Zeta36 / connect4-alpha-zero

Connect4 reinforcement learning by AlphaGo Zero methods.
MIT License
114 stars 38 forks source link
alphago-zero connect4 keras reinforcement-learning tensorflow

About

Connect4 reinforcement learning by AlphaGo Zero methods.

This project is based in two main resources: 1) DeepMind's Oct19th publication: Mastering the Game of Go without Human Knowledge. 2) The great Reversi development of the DeepMind ideas that @mokemokechicken did in his repo: https://github.com/mokemokechicken/reversi-alpha-zero

Environment

Modules

Reinforcement Learning

This AlphaGo Zero implementation consists of three worker self, opt and eval.

Evaluation

For evaluation, you can play chess with the BestModel.

Data

If you want to train the model from the beginning, delete the above directories.

How to use

Setup

install libraries

pip install -r requirements.txt

If you want use GPU,

pip install tensorflow-gpu

set environment variables

Create .env file and write this.

KERAS_BACKEND=tensorflow

Basic Usages

For training model, execute Self-Play, Trainer and Evaluator.

Self-Play

python src/connect4_zero/run.py self

When executed, Self-Play will start using BestModel.
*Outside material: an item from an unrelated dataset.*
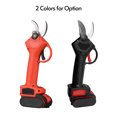 thumbnail image 4 of Amdohai 48V Cordless Electric Pruning Shears Portable Garden Shears Tree Trimmer Branch Cutter with Lithium Battery Adapter for Gardening, 4 of 8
If the BestModel does not exist, new random model will be created and become BestModel.

options

Trainer

python src/connect4_zero/run.py opt

When executed, Training will start. A base model will be loaded from latest saved next-generation model. If not existed, BestModel is used. Trained model will be saved every 2000 steps(mini-batch) after epoch.

options

Evaluator

python src/connect4_zero/run.py eval

When executed, Evaluation will start. It evaluates BestModel and the latest next-generation model by playing about 200 games. If next-generation model wins, it becomes BestModel.

options

Play Game

python src/connect4_zero/run.py play_gui

When executed, ordinary chess board will be displayed in ASCII code and you can play against BestModel.

Tips and Memo

GPU Memory

Usually the lack of memory cause warnings, not error. If error happens, try to change per_process_gpu_memory_fraction in src/worker/{evaluate.py,optimize.py,self_play.py},

tf_util.set_session_config(per_process_gpu_memory_fraction=0.2)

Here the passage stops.